Saturday began with pizza at Emmy Squared and drinks at Full Circle Bar, including my misguided copious ingestion of a dairy-based beverage (this will be important later), before heading over to Williamsburg Cinemas for Netflix extravaganza Night Teeth. This Adam Randall-directed bit of sheer brilliance updates vampire lore by blending in the mafia. Presto chango: AMAZING FILM. No complaints, I was fully along for the ride, and you got a 10 from me, Randall.

The rest of the night didn’t go so well. First off, I had to sit through Gaspar Noé’s most recent edgelord boredom, Lux Aeterna. To be fair, the pseudo-doc opening was entertaining, where Charlotte Gainsbourg discussed working on shitty horror movies with Béatrice Dalle while hangers-on struggled to get her attention. Ultimately, though, it ends in typical Noé fashion: We get bludgeoned by strobing lights, nothing happens, and he inserts the names of true film geniuses in his credits for one big yawn. I said “NO” to Noé and gave him a 4. Go waste someone else’s time, you pretentious charlatan. Jen liked it, though.

Earwig

It got even worse with Lucile Hadžihalilović’s Earwig. This one was toted as “something we’d never seen before” but ultimately delivered two hours of absolute torture with boring characters doing nothing in the dark. Seriously, that’s it.  The payoff was lackluster at best and certainly not worth the tortuous 2 hours of boredom that preceded it. Remember that dairy drink I had earlier? My stomach was more interesting than this entire film. 1.

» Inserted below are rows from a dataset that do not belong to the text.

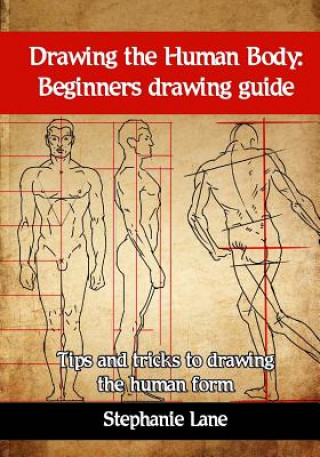 Könyv Drawing the Human Body: Beginners Drawing Guide. Tips and Tricks to Drawing the Human Form Stephanie Lane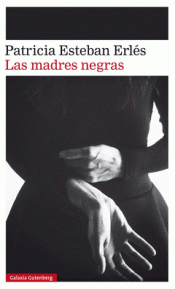 Imagen de cubierta: LAS MADRES NEGRAS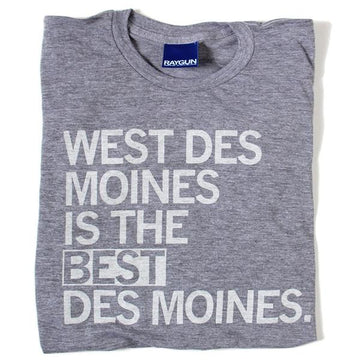 Gray West Des Moines T-shirt featuring the white printed text: WEST DES MOINES IS THE BEST DES MOINES.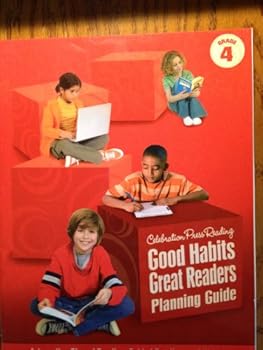 Unknown Binding Good Habits Great Readers Planning Guide, Grade 4, Integrating Shared Reading, Guided Reading, and Writing (Celebration Press Reading) Book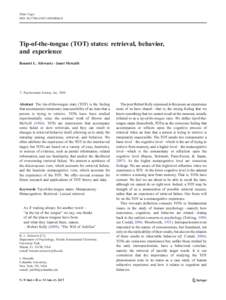 Mem Cogn DOI[removed]s13421[removed]Tip-of-the-tongue (TOT) states: retrieval, behavior, and experience Bennett L. Schwartz & Janet Metcalfe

But hey, film festivals aren’t any fun if you love everything, so Jen and I showed up for two short blocks at Stuart Cinema on Sunday. Nightmare Fuel promised the scariest shorts the festival had to offer, but honestly, the Australians blew them out of the water. That said, AK Espada’s This Is Our Home, Samuel Evenson’s Ignore It, and Jorge Sistos Moreno’s La Oscuridad chilled the bones, not to mention the Dan Repp and Lindsay Young-directed Cutter, which brought cinematic style to Lucifer Valentine’s themes.

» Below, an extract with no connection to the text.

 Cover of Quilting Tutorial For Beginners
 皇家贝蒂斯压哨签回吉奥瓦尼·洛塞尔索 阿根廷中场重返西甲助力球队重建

The Head Trip block followed, delivering the beautiful brilliance of Nico van den Brink’s The Departure and Varun Raman’s bizarre Monty Python-esque Man or Tree before delving into the ridiculous cult of Playing With Spiders and the mindblowing puppet-driven PSA of Mike Pinkney and Micheal Reich’s A Puff Before Dying. Seriously…that last one…wow…

The Sadness

All great festivals must come to an end, though, and in true BHFF fashion, they closed on a winner. Rob Jabbaz’s The Sadness tore the house down with its Taiwanese version of zombie/infection films. Think 28 Days Later with the frenetic pulse of Train to Busan, and you’re almost there. Honestly, this needs to be seen no matter what streaming service this ends up on. The night ended in an “unofficial” party and a fun drunken conversation with Kyle and Blaise from the TOPKVLT podcast.

And then it was over…and that sucked. Brooklyn Horror Film Festival is one of those things you want to go on forever. I know it can’t, but…damn…why isn’t Halloween twice a year? Special thanks to Justin, Joseph, Matt, Jackie, Jesse, and the entire crew, who kept it going through all the uncertainty, turmoil, and ambiguity. You indeed did a service to your community. Thank you. See you next year.